**Problem to work on:**
Whatever pictures the entries hold, omit them, and output exactly the lines from the one containing "Vintage Ivory Lace" through the final line.

**Study material:**
········
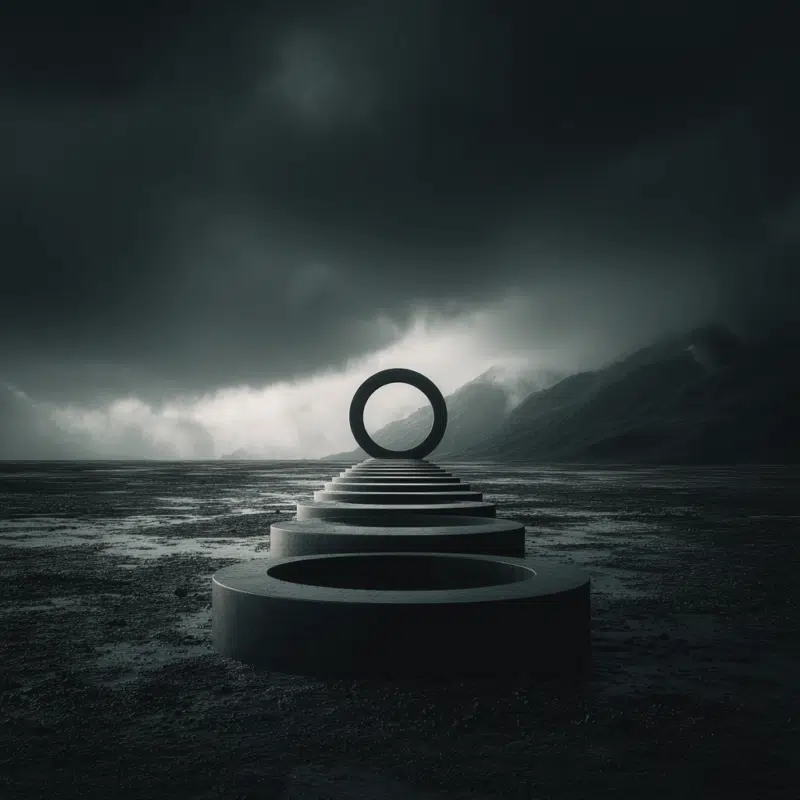 a group of circular objects in a line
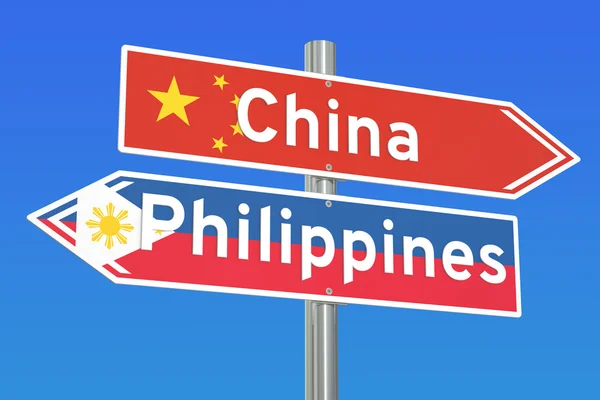 Chine et Philippines concept de conflit, rendu 3D — Photo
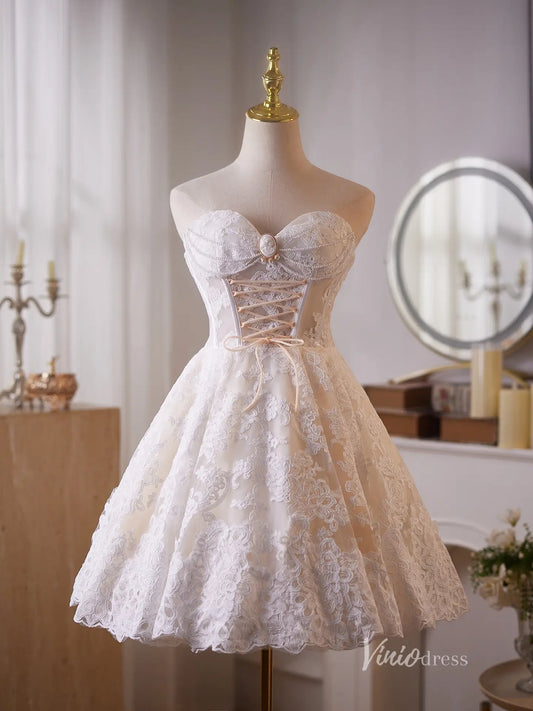 Vintage Ivory Lace Corset Homecoming Dress with Sweetheart Neckline & Cameo Detail – BJ103-prom dresses 2025 -Viniodress-Ivory-Custom Size-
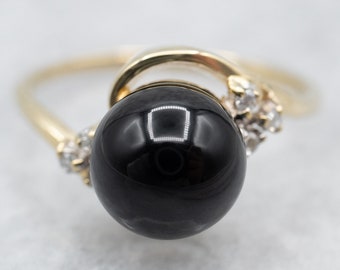 Diamond Black Onyx Bypass Ring, Onyx Gold Ring, Vintage Ring, Right Hand Ring, Bypass Ring, Gift For Her, A23642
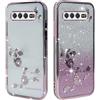 BAOJAY Compatibile per Samsung Galaxy S10 Silicone Case [Glitter Bling Cover Glitter Clear View,Custodia Trasparente Antiurto regali per ragazze e signoreo-rosa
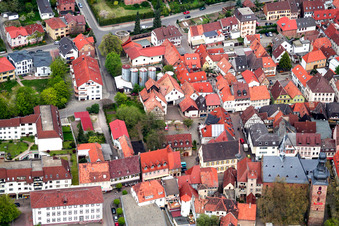 Aerial view of Marktstr in Bad Bergzabern in the state Rhineland-Palatinate, Germany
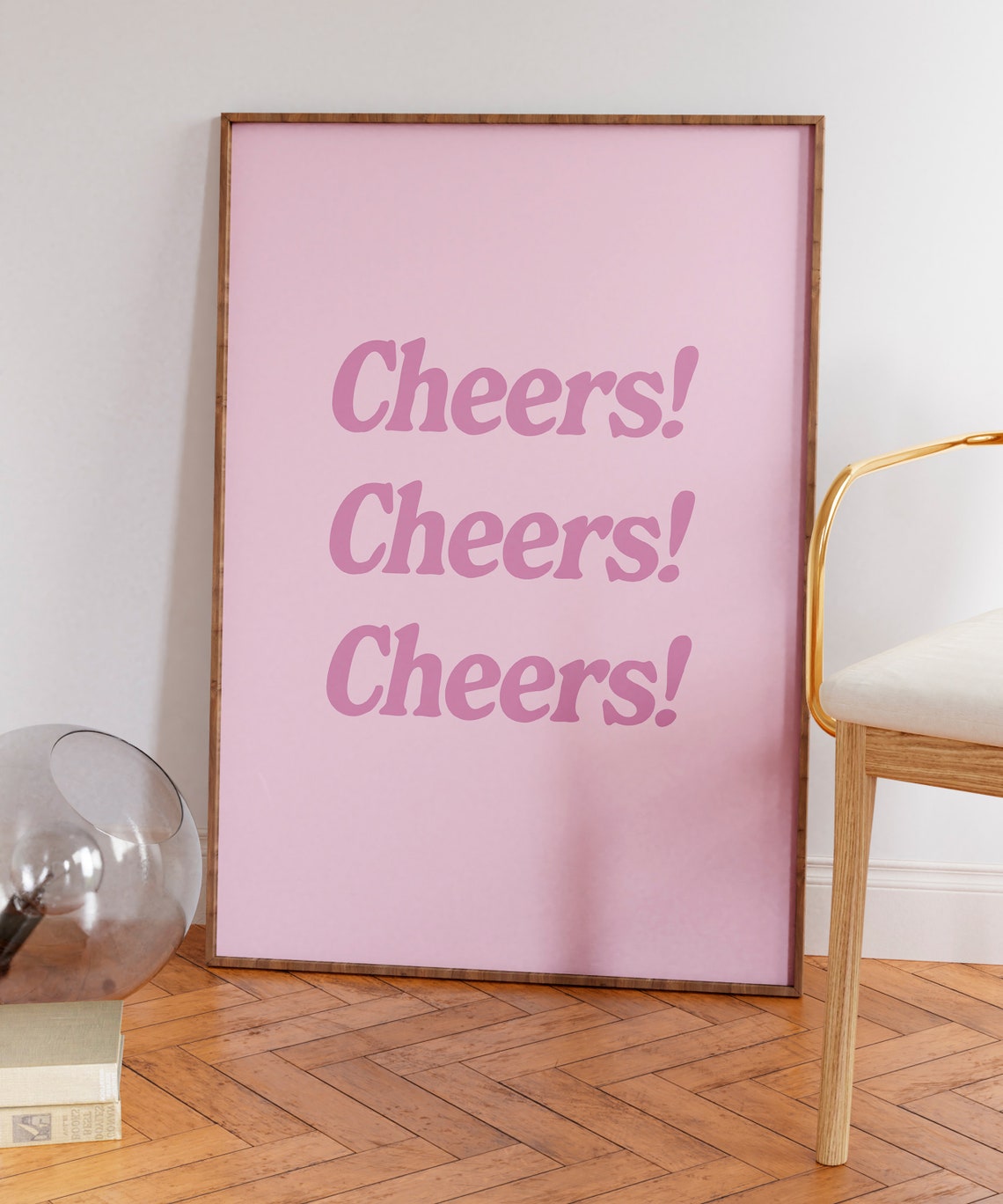 Cheers Cheers Cheers Pink Retro Typography Quote Celebration Poster - Image 5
········
**Solution below:**
 Vintage Ivory Lace Corset Homecoming Dress with Sweetheart Neckline & Cameo Detail – BJ103-prom dresses 2025 -Viniodress-Ivory-Custom Size-
 Diamond Black Onyx Bypass Ring, Onyx Gold Ring, Vintage Ring, Right Hand Ring, Bypass Ring, Gift For Her, A23642
 BAOJAY Compatibile per Samsung Galaxy S10 Silicone Case [Glitter Bling Cover Glitter Clear View,Custodia Trasparente Antiurto regali per ragazze e signoreo-rosa
 Aerial view of Marktstr in Bad Bergzabern in the state Rhineland-Palatinate, Germany
 Cheers Cheers Cheers Pink Retro Typography Quote Celebration Poster - Image 5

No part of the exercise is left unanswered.